Boston Globe, October 30, 2002

  Union officials who represent 2,500 employees at General Electric's aircraft engine plant in Lynn plan to begin a four-day strike tomorrow over job security and pension issues as the company shifts work overseas, they said yesterday.

Representatives of Local 201 of the International Union of Electrical Workers-Communications Workers of America said they have made little progress in talks with managers at GE's aircraft engines division, based in Evendale, Ohio. The GE division has said it expects to lay off up to 2,800 of its 26,000 employees worldwide by early 2004, as rising military orders fail to offset a slump in commercial aviation. The forecast has chilled relations with GE's labor force.

Separately, on Sunday the IUE's conference board voted to authorize a national strike if GE presses forward with plans to increase the amount workers and retirees must pay for health care.

GE said it doesn't know how many of about 4,200 jobs in Lynn it might eliminate, but said none of the first wave of 1,000 cuts companywide will affect Local 201.

The union and local politicians say the company isn't doing enough to save jobs and is too interested in cutting costs by shifting work to subcontractors and overseas companies that pay lower wages.

Union president Jeff Crosby and Ric Casilli, its business agent, said GE misled them about the number of jobs that would come to Lynn as part of a $1.9 billion Navy contract to build engines for the F/A-18 fighter. Last summer, the Navy said 58 percent of the work would be done in Lynn, but GE called that figure a mistake and said the actual figure is 18 percent.

GE spokesman Richard Gorham said the difference isn't significant, but union officials said it could amount to as many as 1,000 jobs.

US Representative John Tierney, a Salem Democrat, has asked the Navy and GE to explain the difference and suggested that GE might be required by law to keep more defense work in the United States in the future.

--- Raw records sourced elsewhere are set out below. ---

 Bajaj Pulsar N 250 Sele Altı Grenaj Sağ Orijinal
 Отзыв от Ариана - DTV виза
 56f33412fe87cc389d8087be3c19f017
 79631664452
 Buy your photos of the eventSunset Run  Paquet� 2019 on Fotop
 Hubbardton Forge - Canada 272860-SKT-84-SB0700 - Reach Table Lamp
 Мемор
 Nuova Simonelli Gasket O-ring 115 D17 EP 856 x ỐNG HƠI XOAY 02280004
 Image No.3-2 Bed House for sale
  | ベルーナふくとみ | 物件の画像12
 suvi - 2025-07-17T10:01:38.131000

"What's happening here is as this company becomes more multinational it doesn't have the sense of responsibility that corporations used to have," Tierney said. "I think they do that to the detriment of the longer-term stakeholder and the taxpayers."

The union said the four-day walkout would disrupt weekend operations at the plant, which builds engines for regional jets made by Bombardier, and engines for military aircraft, including Army helicopters.

Gorham said the company hopes to avoid a strike but would not discuss the status of talks.